Er beschreibt einen dreidimensionalen Farbraum, bestehend aus der Helligkeitskoordinate L* (Luminanz) sowie den Farbkoordinaten a* und b*. Der L*-Wert kann in einem Bereich von „reinem schwarz“ (0) bis „reinem weiß“ (100) liegen. Die Farbachse a* (Rot-Grün-Achse) wird unterteilt in einen grünen (-a*) und einen roten (+a*) Bereich. Die b*-Farbachse (Blau-Gelb-Achse) untergliedert sich in einen blauen (-b*) und einen gelben (+b*) Achsenbereich. Durch die Angabe aller drei Werte (L*, a*, b*) ist es möglich, eine Farbe exakt im Farbraum zu beschreiben. Hierbei gilt, dass mit steigenden a*b*-Werten und steigender Entfernung vom Achsenschnittpunkt, die Buntheit größer wird. Der Achsenschnittpunkt (L*=50, a* und b*=0) ist ein neutrales Grau.
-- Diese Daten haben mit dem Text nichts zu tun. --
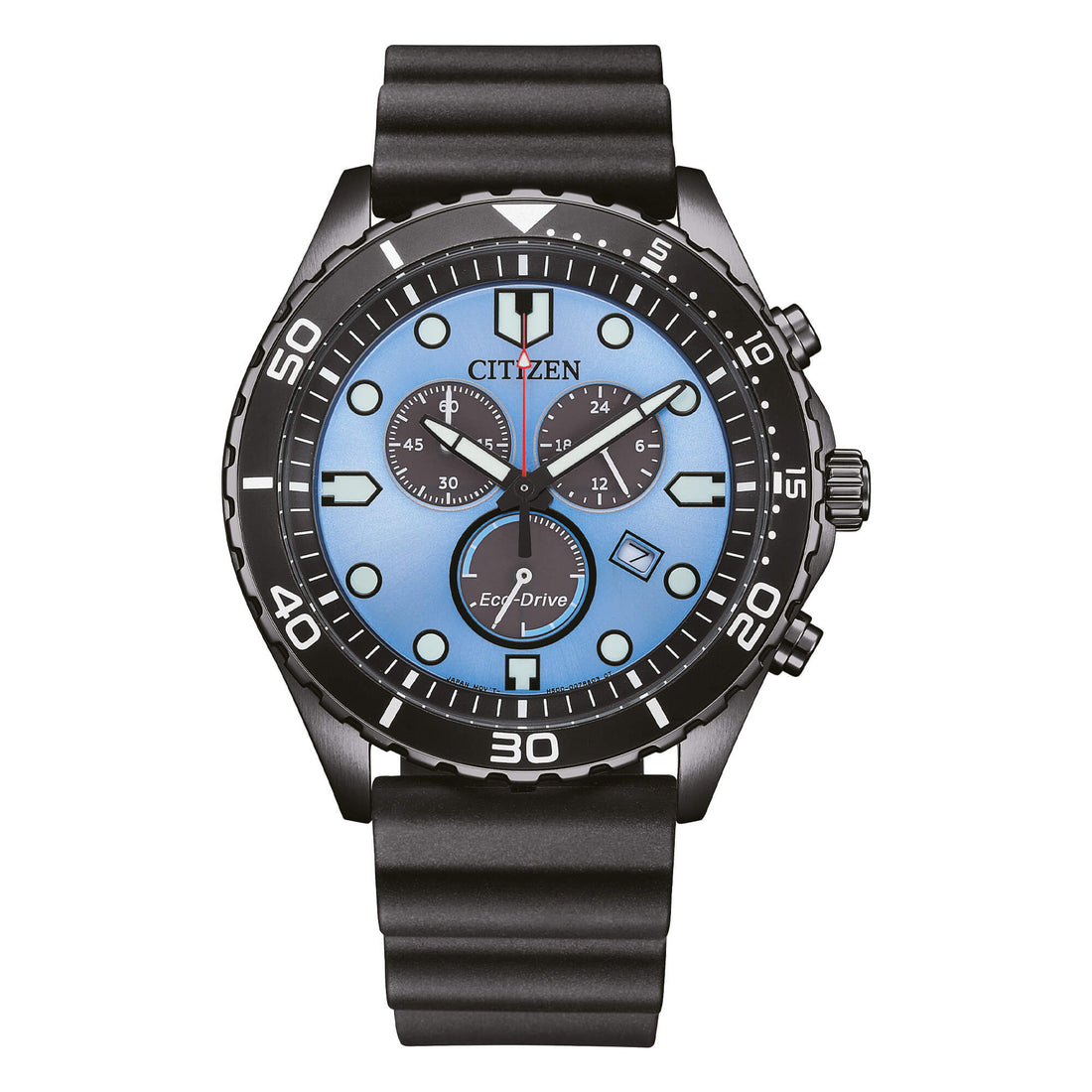 Orologio Uomo Citizen Eco-Drive Cronografo Gomma Sport Azzurro Nero AT2567-18L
Ermittelt werden über eine Farbmessung zudem die Werte für die Sättigung bzw. Buntheit C* (Chroma, d.h. Abstand von der L*-Achse) sowie für den Farbwinkel bzw. Bunttonwinkel h° (Hue, d.h. Farbwinkel zwischen positiver Rot-Grün-Achse bzw. den Polarkoordinaten der Werte a* und b*). So kann die Lage der Farbe (Farbart) in den Farbachsen a* und b* ermittelt werden. Bei richtiger Anwendung ist der User in der Lage, für jedes Produkt Toleranzen in den drei Achsen mit maximaler Helligkeitsdifferenz +/- dL*, maximaler rot-grün Differenz +/- da* und maximaler gelb-blau Differenz vorzugeben und objektiv zu überprüfen. Häufig wird auch der CIE Gesamt – Farbabstand dE* als Kugel um den eigentlichen Zielwert oder Farbstandard definiert.
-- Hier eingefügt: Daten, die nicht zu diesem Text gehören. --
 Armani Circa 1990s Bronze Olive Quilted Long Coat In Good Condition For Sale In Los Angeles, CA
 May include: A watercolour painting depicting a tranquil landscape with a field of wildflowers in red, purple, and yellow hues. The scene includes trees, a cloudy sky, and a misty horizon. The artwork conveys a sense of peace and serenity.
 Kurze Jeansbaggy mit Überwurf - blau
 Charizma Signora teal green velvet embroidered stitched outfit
4. Verfahren zur Farbmessung
Wenngleich das objektive Farbaussehen identisch ist, kann der Farbeindruck unterschiedlich sein, denn er wird von folgenden Faktoren beeinflusst:
- Lichtquelle und Objekthintergrund- Betrachtungswinkel
- Objektgröße und Oberfläche
- Sinnesphysiologie (Farbempfindungsvermögen) beim Panelisten
Um die Farbe eines Gegenstandes zu empfinden bzw. messen zu können, bedarf es der drei folgenden Komponenten:
- Lichtquelle → Normlichtquellen/-arten
- Farbiges Objekt
- Detektor → Normalbeobachter und Normmessgeometrien
Um eindeutige Farbmesswerte in einer Produktionskette zu erhalten, ist es erforderlich, vor der Messung zwei der drei o.g. Komponenten klar zu definieren. Als Normlichtquellen bezeichnet man, wie bereits unter Punkt 2.1 angesprochen, die genormten spektralen Strahlungsverteilungskurven (Spektralkurven) charakteristischer Strahler. In der DIN EN ISO 11664-2 sind verschiedene Kriterien für Normlicht definiert. Neben der Normlichtart D 65 werden u.a. A (Glühlampenlicht), F11 (Dreibandenlampen TL84) und F2 (Leuchtstofflampen CWF) eingesetzt.
4.1 Visuelle und instrumentelle Messung von Farben
In der Lebensmittelindustrie können verschiedene Methoden zur Analyse der Produktfarbe eingesetzt werden. Neben den traditionellen Sensorik-Panels, die mittels des menschlichen Auges und häufig durch Vergleich mit definierten Referenzfarbkarten die jeweilige Produktfarbe erfassen und bewerten, sind auch technische Geräte bzw. kolorimetrische sowie spektrophotometrische Verfahren etabliert. Während das Auge die Farbreize aufnimmt, die Information ans Gehirn weiterleitet und dort interpretiert, nutzen Farbmessgeräte eine Vielzahl von Features. Neben Linsen und integrierten Lichtquellen sind dies - je nach Farbmessgerät – wählbare definierte Farbmaßzahlen und Farbsysteme, mathematische Formeln der Farbmetrik und statistische Verfahren zur Ergebnisermittlung der Farbbetrachtung bzw. zum Farbenvergleich. Neben der hohen Messpräzision und Objektivität sind v.?a. die Schnelligkeit der Ergebnislieferung im einstelligen Minutenbereich sowie i.d.R. – nach erstmaliger Kalibrierung – kurze Rüst- und Reinigungszeiten hervorzuheben.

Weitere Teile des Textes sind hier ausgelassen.